Segment Open
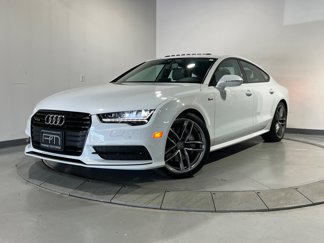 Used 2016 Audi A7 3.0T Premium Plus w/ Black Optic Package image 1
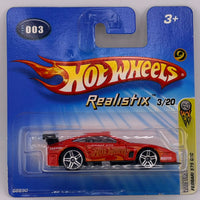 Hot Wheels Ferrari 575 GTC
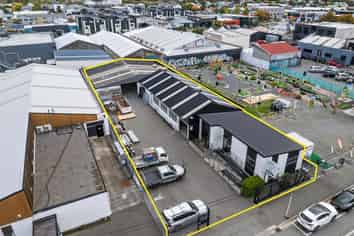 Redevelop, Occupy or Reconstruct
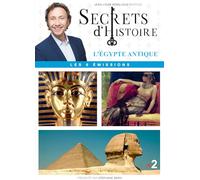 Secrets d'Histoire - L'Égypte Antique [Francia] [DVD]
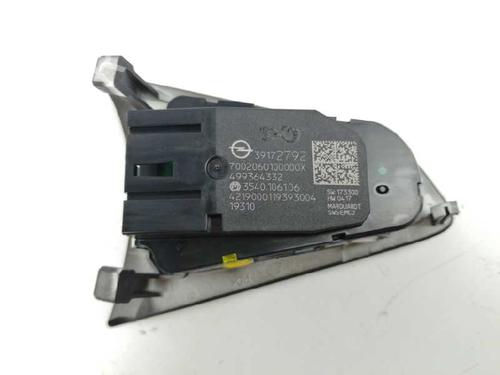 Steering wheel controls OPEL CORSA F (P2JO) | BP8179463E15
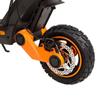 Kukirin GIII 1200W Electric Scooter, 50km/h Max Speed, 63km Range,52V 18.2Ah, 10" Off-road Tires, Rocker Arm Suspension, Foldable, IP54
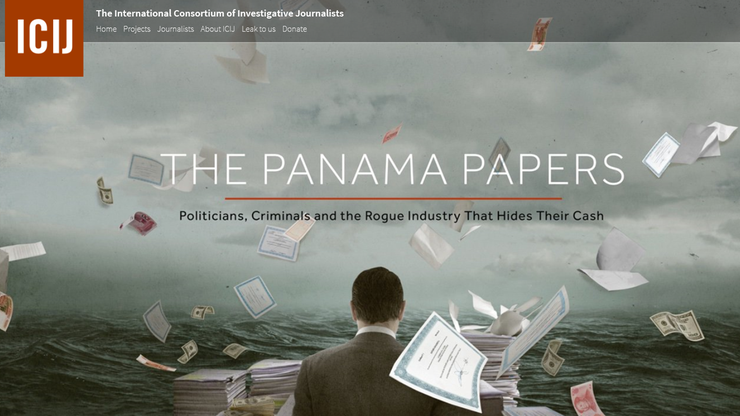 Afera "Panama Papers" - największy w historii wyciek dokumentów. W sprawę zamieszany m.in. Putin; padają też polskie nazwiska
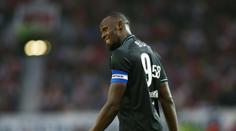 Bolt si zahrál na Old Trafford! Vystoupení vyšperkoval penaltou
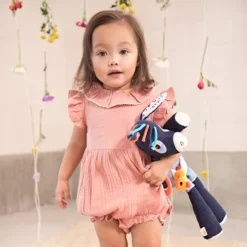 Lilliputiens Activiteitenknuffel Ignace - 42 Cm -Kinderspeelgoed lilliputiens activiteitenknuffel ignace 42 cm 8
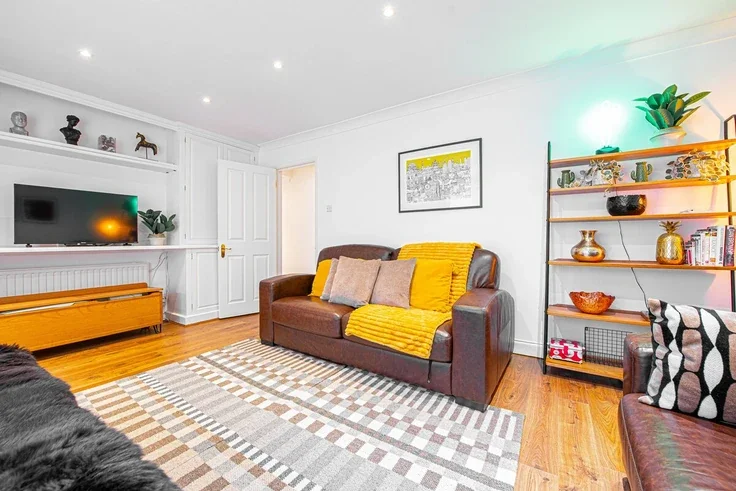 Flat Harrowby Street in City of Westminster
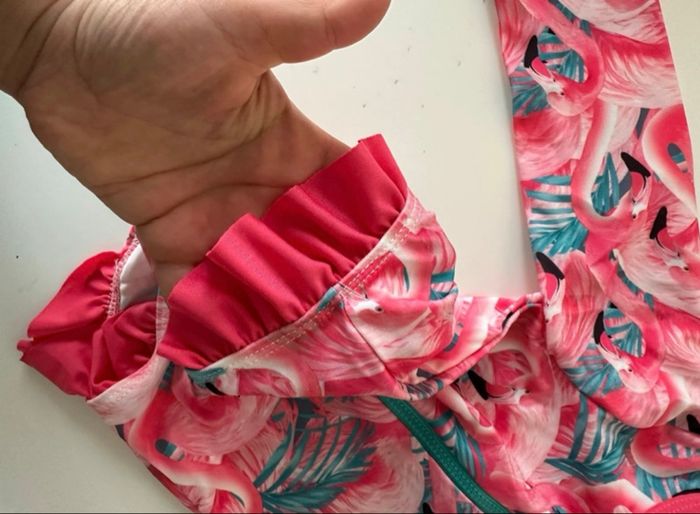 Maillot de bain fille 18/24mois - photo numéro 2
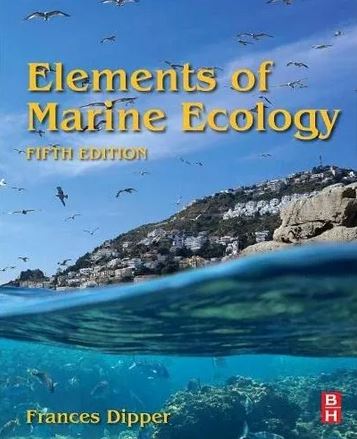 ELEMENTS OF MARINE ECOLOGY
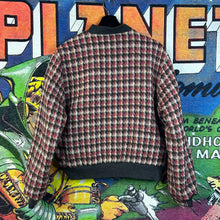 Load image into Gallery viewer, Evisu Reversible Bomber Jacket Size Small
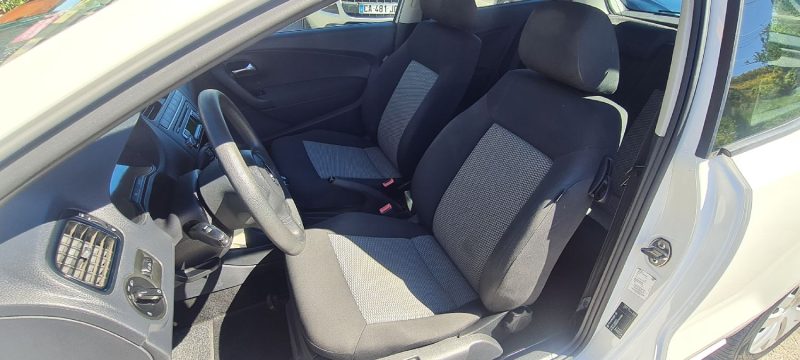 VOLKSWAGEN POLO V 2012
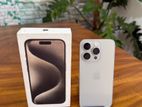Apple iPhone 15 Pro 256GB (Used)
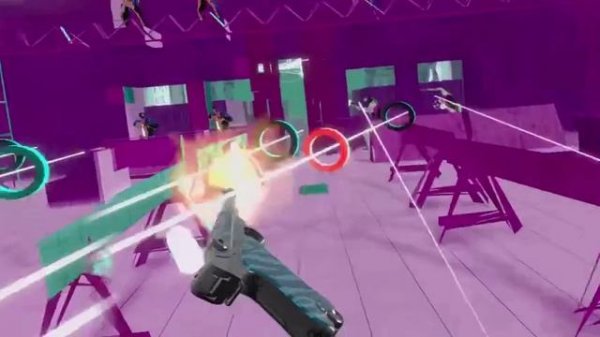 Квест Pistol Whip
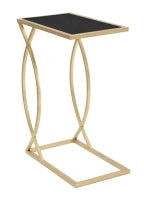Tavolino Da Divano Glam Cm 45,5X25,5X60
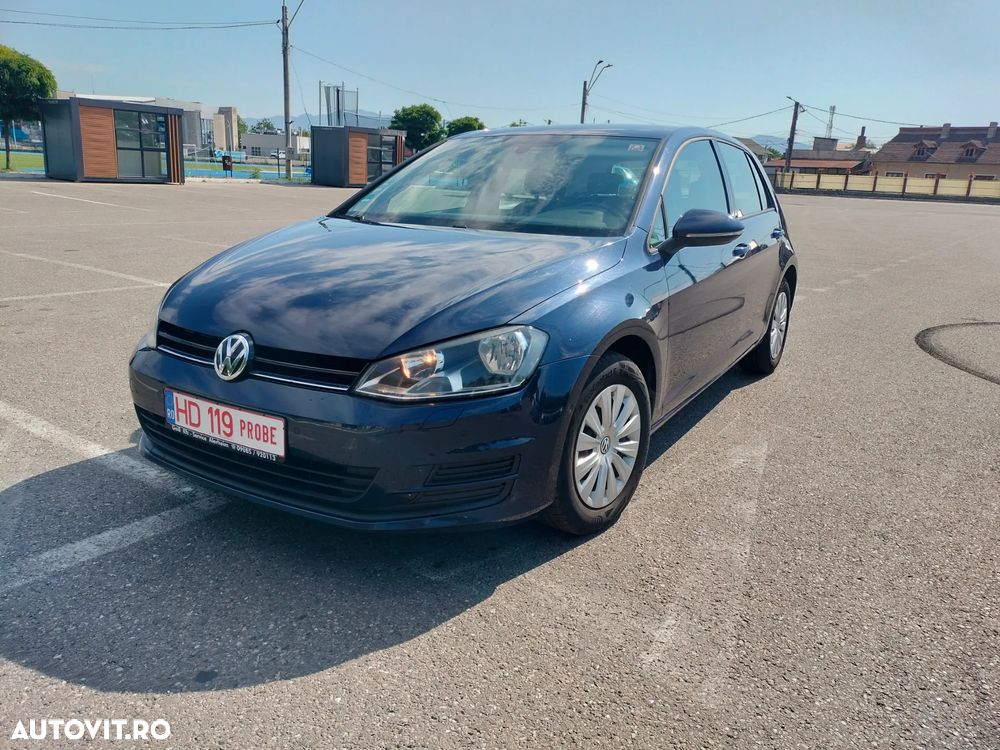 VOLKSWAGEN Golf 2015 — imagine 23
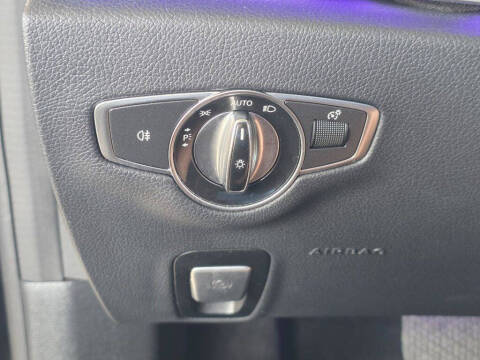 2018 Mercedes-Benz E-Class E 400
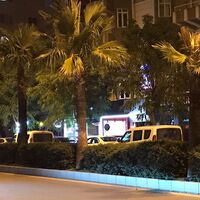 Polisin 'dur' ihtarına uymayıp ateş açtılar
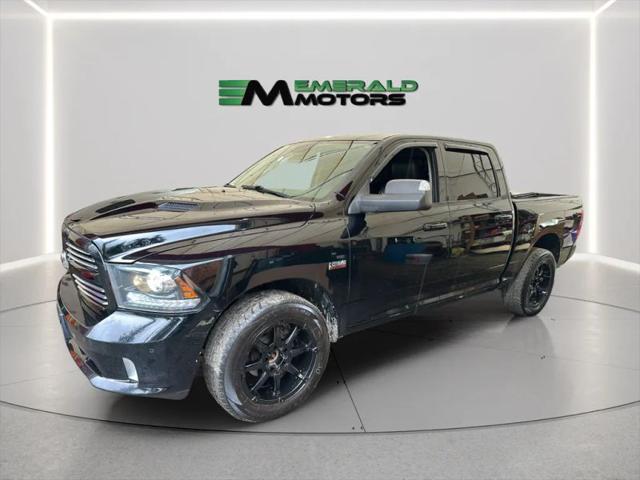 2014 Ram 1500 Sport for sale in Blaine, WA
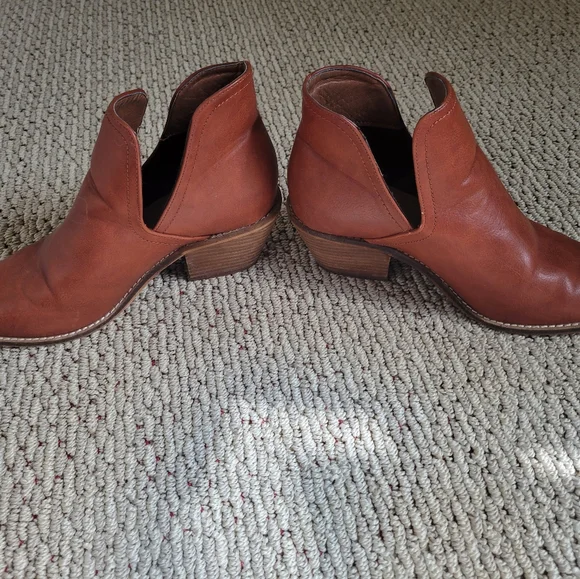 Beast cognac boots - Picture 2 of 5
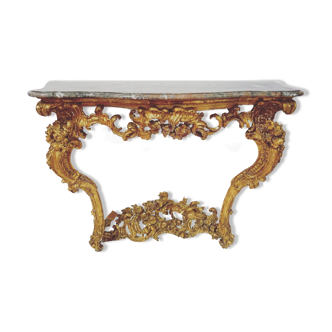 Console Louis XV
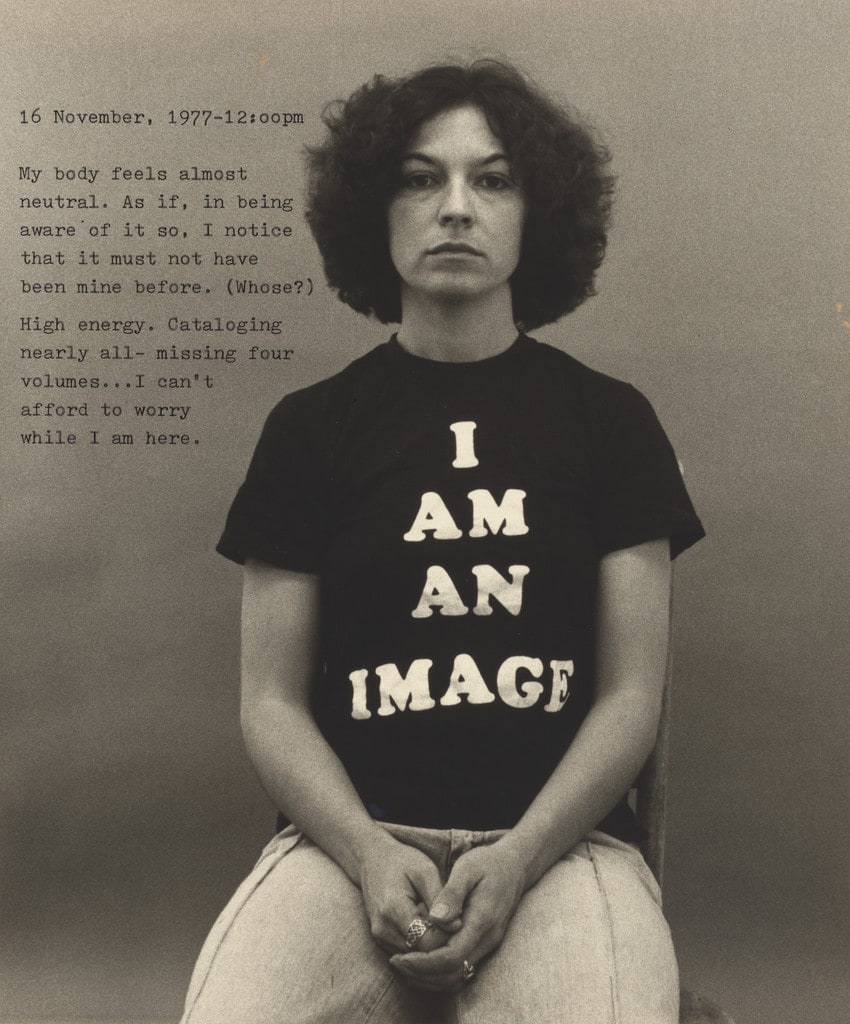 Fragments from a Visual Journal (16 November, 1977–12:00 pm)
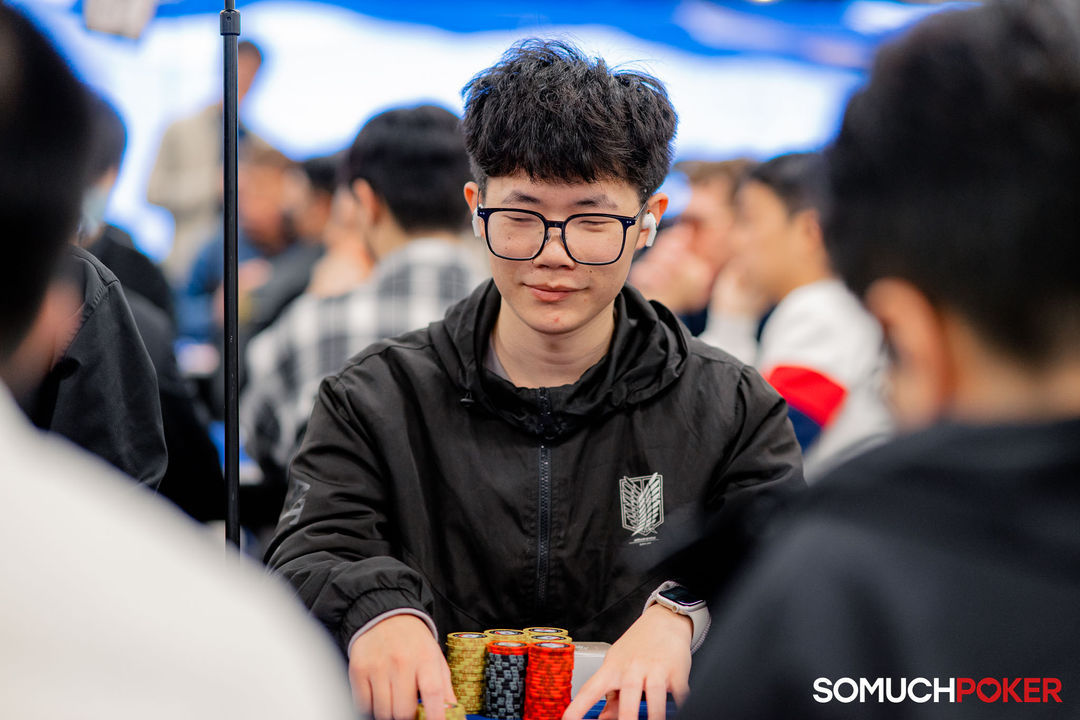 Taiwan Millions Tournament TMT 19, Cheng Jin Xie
Segment Closed
Task statement: An exact copy is needed of the entries above, starting at the line that holds "Load image into" and stopping at the line that holds "2014 Ram 1500 Sport for sale in Blaine, WA", both kept; pictures stay out.

Your response:
 Load image into Gallery viewer, Evisu Reversible Bomber Jacket Size Small
 VOLKSWAGEN POLO V 2012
Apple iPhone 15 Pro 256GB (Used)
 Квест Pistol Whip
Tavolino Da Divano Glam Cm 45,5X25,5X60
 VOLKSWAGEN Golf 2015 — imagine 23
 2018 Mercedes-Benz E-Class E 400
 Polisin 'dur' ihtarına uymayıp ateş açtılar
 2014 Ram 1500 Sport for sale in Blaine, WA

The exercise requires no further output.